Further, Plaintiff’s medication was only discontinued after five months of noncompliance, and at least two warnings that he needed to take the medication as directed. Plaintiff provides no explanation as to why he was unable to take the medication as directed or why he ignored Dr. Abbey’s advice. Furthermore, after Plaintiff’s medication was initially suspended, it was later reinstated. This demonstrates that Plaintiff was given another opportunity to take the medication appropriately.

Finally, according to Plaintiff, PrimeCare has a procedure in place for inmates that refuse to be administered medication. Allegedly, PrimeCare is to file a form and have both the inmate and the medical professional sign it in order to confirm the inmate has not taken the medication. Plaintiff cites the absence of this document as evidence the medication was improperly suspended. While the Defendants may or may not have filed the appropriate paperwork, the fact remains that Plaintiff consistently and admittedly failed to take the medication as prescribed. The mere failure of the Defendants to complete the form does not rise to the level of deliberate indifference.

2. Defendants Dr. Yecker and Deputy Warden Shiffer

Plaintiff does little more than mention Defendants Dr. Yecker and Warden Shiffer in the Complaint. Plaintiff presents no facts that would suggest either displayed a deliberate indifference to his medical needs. The one Grievance that Plaintiff submitted to Deputy Warden Shiffer was answered timely by Dr. Yecker. It follows that Plaintiff has insufficiently pled a constitutional claim asserting that either of these defendants failed to provide him with medical care as required by the Eighth Amendment.

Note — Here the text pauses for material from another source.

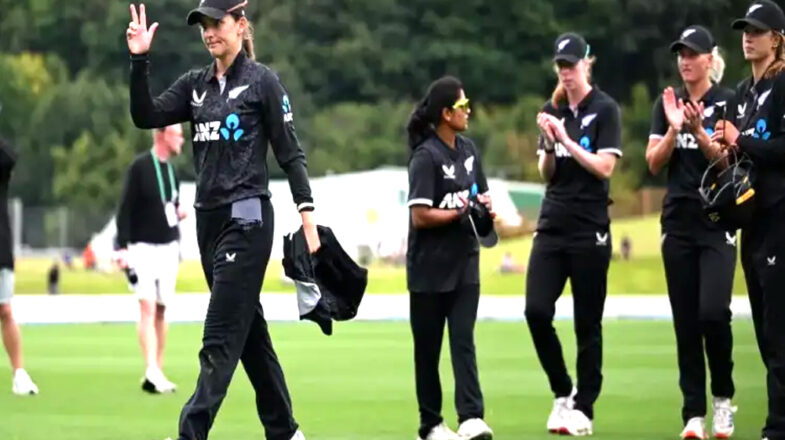 न्यूजीलैंड महिला टीम ने 3-0 से जीती वनडे सीरीज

B. Plaintiff Has Not Sufficiently Demonstrated a Valid Constitutional Claim Arising under the Fourteenth Amendment.

Under the Due Process Clause of the Fourteenth Amendment, “a detainee may not be punished prior to an adjudication of guilt in accordance with due process of law.’ Bell v. Wolfish, 441 U.S. 520, 535 (1979). A pretrial detainee has not been adjudged guilty of any crime. As such, the government may choose to detain the inmate in order to ensure his presence for trial, but may not “subject him to the restrictions and conditions of the detention facility” that “amount to punishment, or otherwise violate the Constitution.” Id. at 536-37. Thus, while “the due process rights of a [pre-trial detainee] are at least as great as the Eighth Amendment protections available to a convicted prisoner, ” Hubbard v. Taylor, 399 F.3d 150, 166 (3d Cir. 2005) (emphasis in original and internal citation omitted), the proper standard for examining such claims is the standard set forth by the Supreme Court in Bell v. Wolfishi.e., whether the conditions of confinement (or here, inadequate medical treatment) amounted to punishment prior to an adjudication of guilt. See also Montgomery v. Ray, 145 F.App'x 738, 740 (3d Cir. 2005).

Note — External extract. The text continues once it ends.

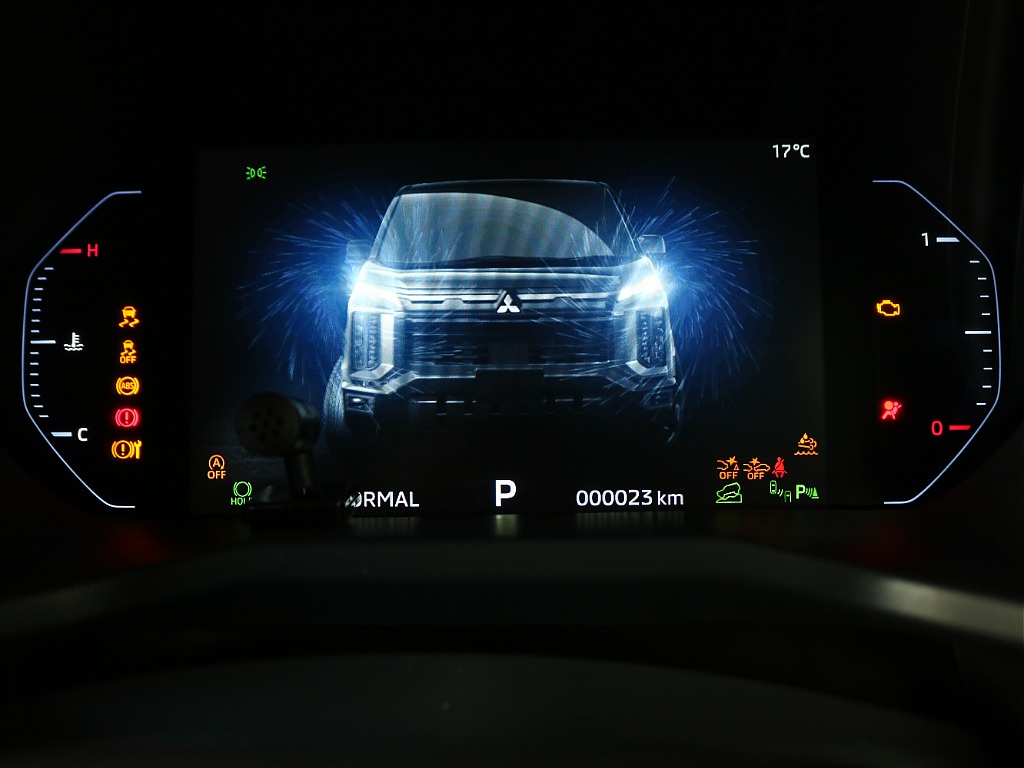 オープニングはカッコいい演出になっております♪♪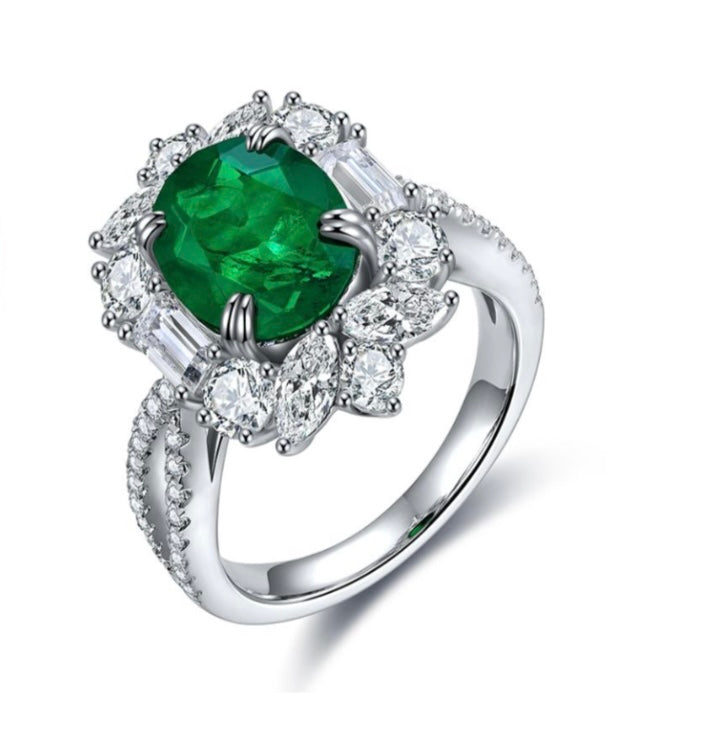 EMERALD RING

Plaintiff has failed to meet his burden. The Court has already found that Plaintiff failed to sufficiently allege deliberate indifference by the defendants. Accordingly, the Plaintiff does not come close to adequately alleging the Defendants acted with an express intent to punish him.


For the foregoing reasons, Defendants’ motions to dismiss are granted. An appropriate order follows.


AND NOW, __ this day of July, 2013, upon consideration of Defendants Sandra Yecker, Ph.D and Sandra Abbey, CRNP’s Motion to Dismiss Plaintiff’s Complaint (Docs. 11 & 12), Plaintiff’s Response in Opposition (Doc. 16), Defendant Deputy Warden Joe Shiffer’s Motion to Dismiss Plaintiff’s Complaint (Docs. 18 & 20), and Plaintiff’s Response in Opposition (Docs. 21 & 22), IT IS HEREBY ORDERED AND DECREED that Defendants’ motions are GRANTED.[1]

IT IS FURTHER ORDERED that Plaintiff’s Motion to Appoint Counsel (Doc. 13) is DENIED.

IT IS FURTHER ORDERED the Clerk of Court shall mark the above-captioned matter CLOSED for statistical purposes.